» **Work to complete**: Reproduce only the lines of the material below that start at the line containing "全台首间LINEFRIENDSCafe&Store时尚熊美坐镇" and stop at the line containing "Chanelle Hayes Topless (3 Photos)". Keep both end lines.

» **Stored data**:
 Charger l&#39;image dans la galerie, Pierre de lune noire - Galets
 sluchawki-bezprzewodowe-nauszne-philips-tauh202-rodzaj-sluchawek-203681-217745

* * *

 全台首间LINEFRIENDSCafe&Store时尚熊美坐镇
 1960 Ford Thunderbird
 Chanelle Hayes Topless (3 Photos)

* * *

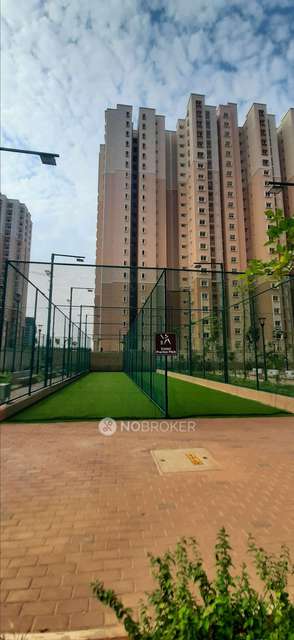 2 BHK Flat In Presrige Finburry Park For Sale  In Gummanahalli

» **Reply**:
 全台首间LINEFRIENDSCafe&Store时尚熊美坐镇
 1960 Ford Thunderbird
 Chanelle Hayes Topless (3 Photos)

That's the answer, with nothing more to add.